For years, my mother always asked me the same question: “Do you know how much you are loved?” And for years, I always perceived this as her coddling me. I did not think of her doting affection as anything more than the unconditional attachment of parents to their kids. But I see it differently now. I see this as not just maternal endearment, but also the poetic power of Black love. A love richly expressive and deeply devoted. Like the kind depicted in a scene from When They See Us, a Netflix docuseries about the Exonerated Five. In the film, Antron McCray — a falsely accused and newly imprisoned Black boy — tells his mother that he feels the nation’s hate weighing on his shoulders. The mother, Linda McCray, replies with fierce conviction: “I love you enough to make up for everybody.” It is a wide-ranging love, encompassing the kind seen brimming in Nikki Giovanni’s 1971 conversation with fellow writer James Baldwin in which the luminaries ponder race and responsibility as they gaze and smile at each other with enough warmth to counter all the cruelty of an anti-Black world. This love, a distinctly and beautifully Black love, is what nurtures me. And it is this love that keeps my community alive.

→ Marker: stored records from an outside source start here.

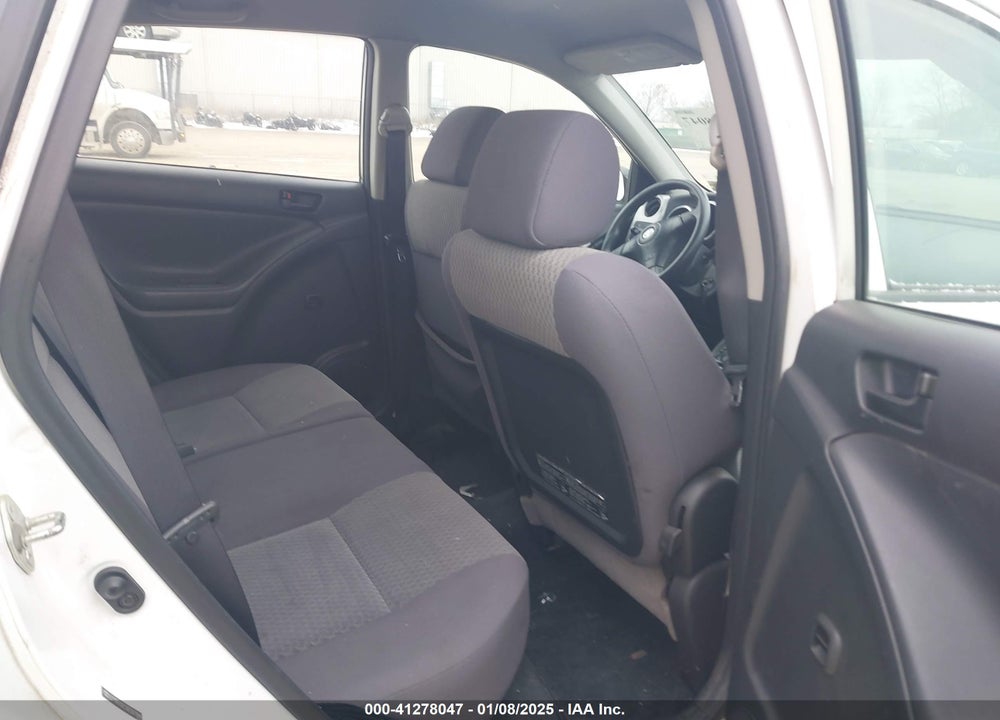 2006 TOYOTA MATRIX VIN: 2T1KR32E36C561946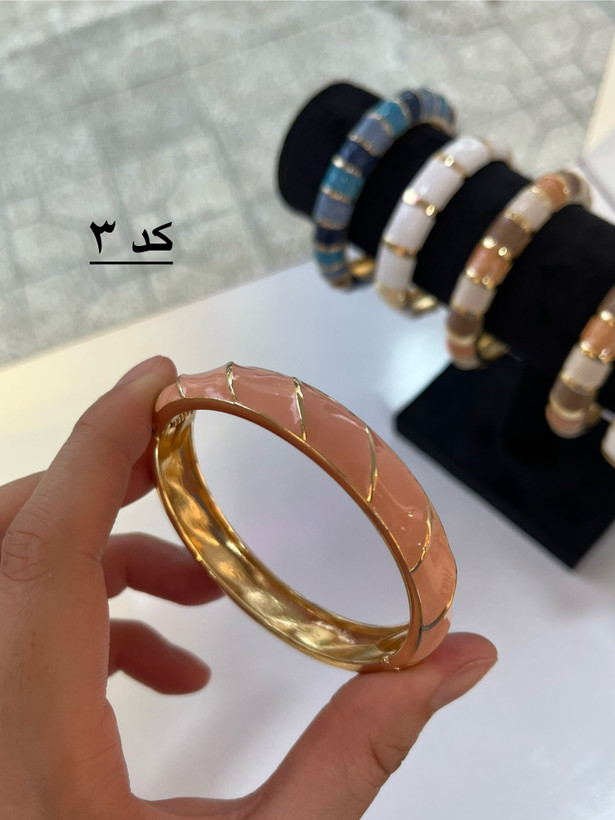 بنگل مینا کاری زنانه فری سایز ضد حساسیت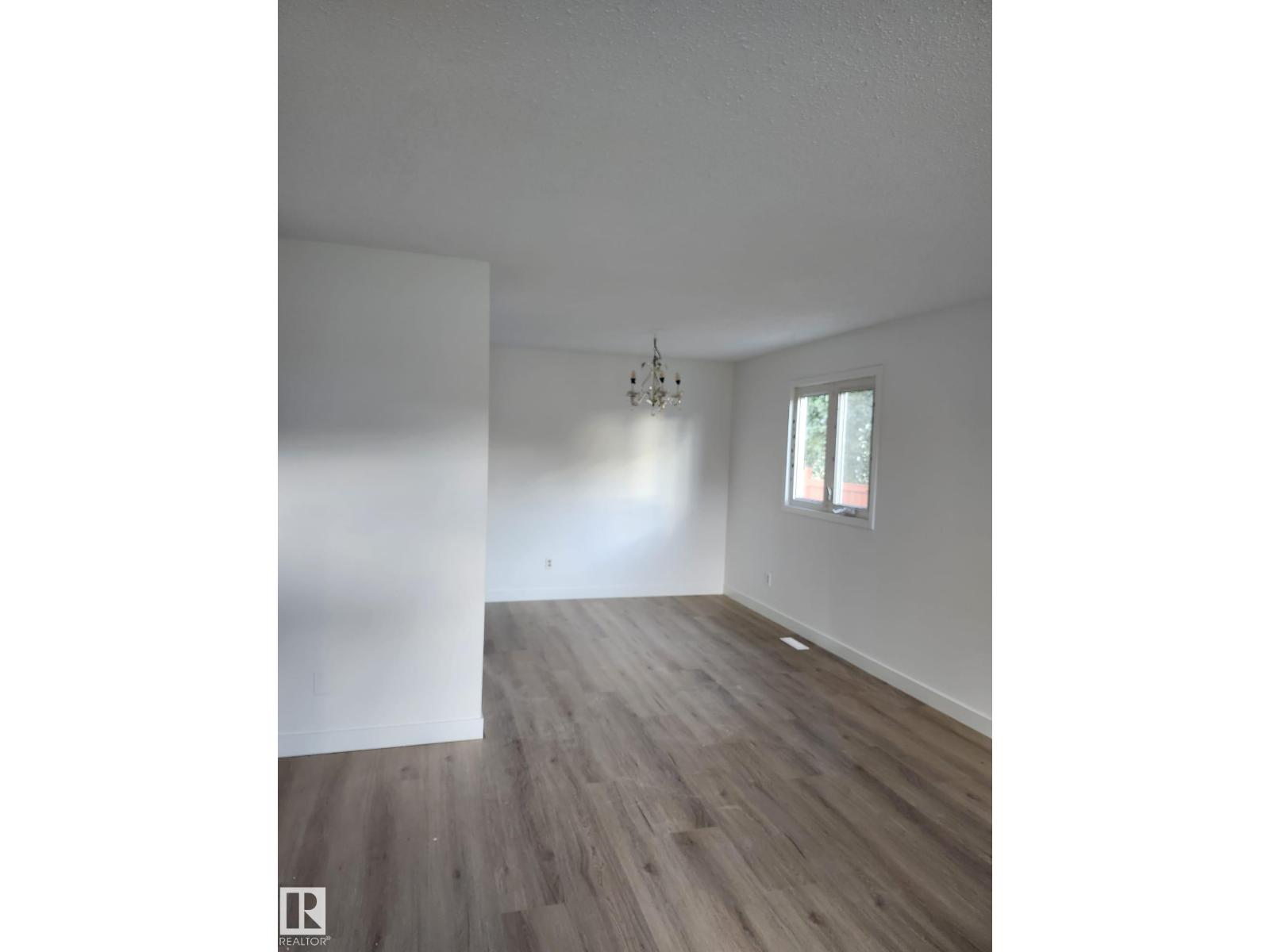 16215 114 ST NW - 3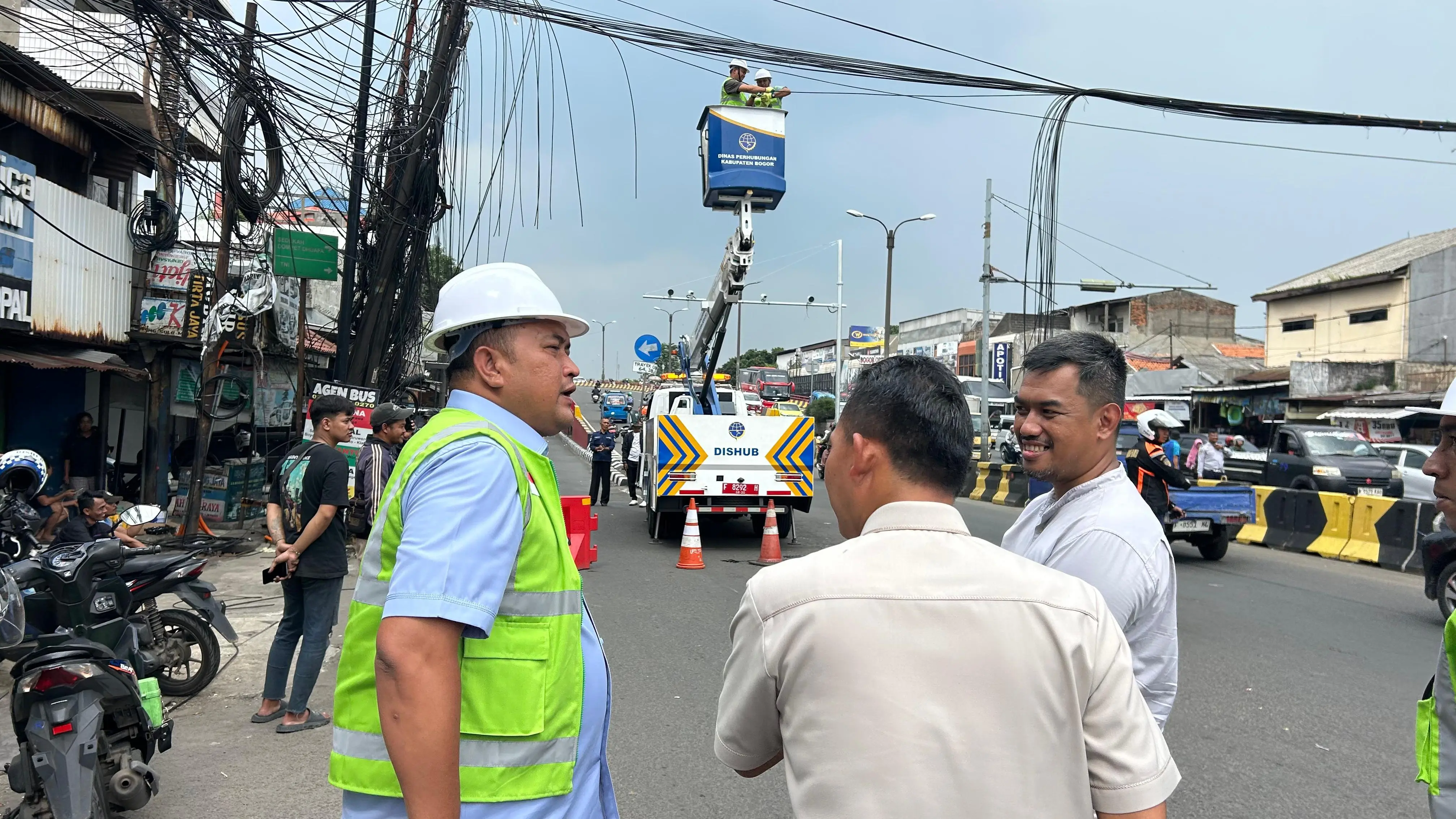 Kabel Semrawut Dinilai Membahayakan, Bupati Bogor Perintahkan Penertiban Total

In the 1993 film A Bronx Tale, an Italian boy named Calogero questions his pursuit of an interracial romance. When he reveals this to Sonny, the mobster who mentors him, Sonny encourages Calogero to court the Black girl he longs for because she might be his first great love. I think of Sonny’s words when I remember how I first fell in love with Black people and the culture they created. I was in the second grade at Lemira Elementary School, and students were preparing to take a standardized test. That year, my principal, Ms. Baxter, hosted a talent show to motivate students to excel on the test. At the show, she and other female teachers performed Beyoncé’s “Irreplaceable,” their arms swaying to the left to coincide with the song’s lyrics. I gazed up at them, admiring the grace and freedom of these Black women. I loved how the light motion of their limbs gave them the appearance of flight, of angelic elegance. Another act, a group of fifth-graders, performed rapper Unk’s iconic crunk song, “Walk It Out,” while wearing black sunglasses. I marveled at their flamboyance as they zig-zagged across the stage and crossed their arms against their chests with elite swagger. I idolized them more than any diamond-mouthed rapper whose choreography they imitated. After the curtains closed, I beamed and clapped, holding adoration for the Black performers in my small hands. That day, Black people became my great love, their beauty and brilliance forever etched in my mind.
In August, a clip went viral of Howard University students singing the lyrics to “Love,” a song by R&B singer Keyshia Cole. I watched the video on Instagram, smiling at the scene of Black people fully present in their bliss and enjoying the energy of their community. The video also reminded me of how, as a child, I sang the song as if I had lost the purest of love affairs. Like the Howard students, my voice would soar and stumble shamelessly and joyously over the “fou-ou-ou-ou-ound” part of the chorus. As one commenter on Instagram wrote, Cole’s “Love” is one of those undeniable Black spirituals – felt with whole heart and naked soul. It is a song that captures our zest for life, our heartache and our embodied freedom. A song that holds the blues and infinite color of Black romance. So when Howard students and I belt it to the limits of our lung capacities, no one can deny the depths of our love, the might of our aliveness.
Last month, Literary Hub published a piece entitled, “The Miracle of Black Love: On the Greater Meaning of My Parents’ Enduring Marriage.” The essay is an excerpt from scholar Farah Jasmine Griffin’s new book, Read Until You Understand: The Profound Wisdom of Black Life and Literature, which I plan to read. The excerpt made me realize that the love that Black people make, feel and share is a powerful and animating force. It exists in my mother’s sweet gestures, in the panache that we parade across the stage and in the heart of Howard’s campus. It also resides in writers like me who document and dedicate odes to our tenderness. So, Black people, I hope we always recognize the force of our feelings. And I hope that we always remember how immensely, how urgently and how beautifully we are loved.
Zeniya Cooley, a junior majoring in journalism and mass communication, is an opinions columnist.